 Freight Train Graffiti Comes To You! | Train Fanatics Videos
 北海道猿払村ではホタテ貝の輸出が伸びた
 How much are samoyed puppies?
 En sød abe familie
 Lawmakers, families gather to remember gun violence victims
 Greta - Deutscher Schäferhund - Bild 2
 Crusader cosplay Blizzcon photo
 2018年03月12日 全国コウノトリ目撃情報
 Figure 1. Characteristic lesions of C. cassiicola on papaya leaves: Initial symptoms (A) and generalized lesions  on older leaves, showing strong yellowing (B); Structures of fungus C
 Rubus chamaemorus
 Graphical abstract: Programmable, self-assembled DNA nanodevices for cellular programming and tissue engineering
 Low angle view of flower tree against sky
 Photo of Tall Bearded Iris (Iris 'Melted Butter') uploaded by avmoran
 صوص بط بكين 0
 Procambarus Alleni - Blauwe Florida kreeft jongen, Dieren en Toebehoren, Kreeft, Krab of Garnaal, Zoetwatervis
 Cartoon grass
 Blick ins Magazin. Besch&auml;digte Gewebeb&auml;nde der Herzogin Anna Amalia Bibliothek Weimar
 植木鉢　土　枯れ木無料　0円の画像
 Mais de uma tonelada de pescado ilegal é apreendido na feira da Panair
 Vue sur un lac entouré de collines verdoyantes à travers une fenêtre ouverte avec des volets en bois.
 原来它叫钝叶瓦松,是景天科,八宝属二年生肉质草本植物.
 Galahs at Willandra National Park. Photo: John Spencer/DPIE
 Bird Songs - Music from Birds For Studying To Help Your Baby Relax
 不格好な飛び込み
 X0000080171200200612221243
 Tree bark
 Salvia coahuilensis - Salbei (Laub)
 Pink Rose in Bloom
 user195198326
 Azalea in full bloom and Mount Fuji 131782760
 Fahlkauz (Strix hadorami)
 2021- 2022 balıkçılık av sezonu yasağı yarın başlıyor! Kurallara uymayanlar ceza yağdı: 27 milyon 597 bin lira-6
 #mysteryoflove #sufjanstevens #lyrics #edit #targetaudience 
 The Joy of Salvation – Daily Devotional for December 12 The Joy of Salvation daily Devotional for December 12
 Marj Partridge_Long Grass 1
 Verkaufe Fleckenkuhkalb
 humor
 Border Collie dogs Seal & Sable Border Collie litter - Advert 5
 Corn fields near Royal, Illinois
++++++++++++++++++++
- _Task brief_:
Of all the entries above, output exactly the lines between the one holding "Procambarus Alleni - Blauwe" and the one holding "Galahs at Willandra", inclusive.

- _Solution for this task_:
 Procambarus Alleni - Blauwe Florida kreeft jongen, Dieren en Toebehoren, Kreeft, Krab of Garnaal, Zoetwatervis
 Cartoon grass
 Blick ins Magazin. Besch&auml;digte Gewebeb&auml;nde der Herzogin Anna Amalia Bibliothek Weimar
 植木鉢　土　枯れ木無料　0円の画像
 Mais de uma tonelada de pescado ilegal é apreendido na feira da Panair
 Vue sur un lac entouré de collines verdoyantes à travers une fenêtre ouverte avec des volets en bois.
 原来它叫钝叶瓦松,是景天科,八宝属二年生肉质草本植物.
 Galahs at Willandra National Park. Photo: John Spencer/DPIE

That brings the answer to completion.